For the Warm Spiced Peaches:

2 ripe fresh peaches, peeled and sliced (or 1 (15-ounce) can sliced peaches, drained)

1 tsp granulated sugar (adjust to taste)

A pinch of ground cinnamon

A pinch of ground nutmeg

For the Homemade Whipped Cream:

2 cups heavy whipping cream

2 tablespoons confectioner’s sugar

1 tiny pinch of salt

1 teaspoon vanilla extract

For the “Shortcake” Base:

24 glazed doughnuts

Instructions

  1. Prepare the peaches: If using fresh peaches, peel and slice them; if using canned, drain well. In a small saucepan, combine peaches with sugar, cinnamon, and nutmeg.
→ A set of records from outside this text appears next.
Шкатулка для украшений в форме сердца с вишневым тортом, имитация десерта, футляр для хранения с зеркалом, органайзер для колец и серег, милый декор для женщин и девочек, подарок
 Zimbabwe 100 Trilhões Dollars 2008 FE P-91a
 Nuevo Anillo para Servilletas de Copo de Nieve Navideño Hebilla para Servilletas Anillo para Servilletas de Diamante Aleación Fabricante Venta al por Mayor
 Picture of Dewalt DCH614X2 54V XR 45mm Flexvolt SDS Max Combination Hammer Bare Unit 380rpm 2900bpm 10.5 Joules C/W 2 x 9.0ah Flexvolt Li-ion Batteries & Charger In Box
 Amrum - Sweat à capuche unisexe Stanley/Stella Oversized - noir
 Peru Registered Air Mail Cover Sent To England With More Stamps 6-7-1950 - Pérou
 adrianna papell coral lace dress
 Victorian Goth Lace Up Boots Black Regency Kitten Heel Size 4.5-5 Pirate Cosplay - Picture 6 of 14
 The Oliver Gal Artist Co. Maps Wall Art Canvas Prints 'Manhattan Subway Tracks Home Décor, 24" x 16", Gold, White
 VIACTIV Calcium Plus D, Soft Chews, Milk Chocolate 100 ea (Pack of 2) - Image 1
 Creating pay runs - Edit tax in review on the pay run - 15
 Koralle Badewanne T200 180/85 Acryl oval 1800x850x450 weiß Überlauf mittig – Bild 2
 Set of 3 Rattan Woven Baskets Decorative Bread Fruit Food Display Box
Heat over medium-low for 5–7 minutes until juicy and syrupy. Remove from heat and keep warm.
  2. Make the whipped cream: In a chilled mixing bowl, combine heavy cream, confectioner’s sugar, salt, and vanilla. Beat on medium speed until soft peaks form. Chill until ready to use.
  3. Prepare the doughnuts: Slice each glazed doughnut horizontally in half. Warm in a dry skillet or oven for 1–2 minutes until the glaze softens slightly.
  4. Assemble the shortcakes: Place the bottom half of a doughnut on a plate. Spoon warm peaches over it, top with a generous dollop of whipped cream, and place the top half of the doughnut over or slightly off-center. Add extra peaches or cream on top if desired.
  5. Serve immediately while peaches are warm and cream is cool for the perfect contrast.

Notes

Use ripe, juicy peaches for the best flavor, or canned peaches for convenience.

Don’t overheat the doughnuts — just warm enough to soften the glaze.

Chill whipped cream before assembling for best texture.

Add a splash of bourbon or amaretto to the peaches for an adult twist.

Serve as individual plated desserts or layered in parfait glasses for a trifle-style presentation.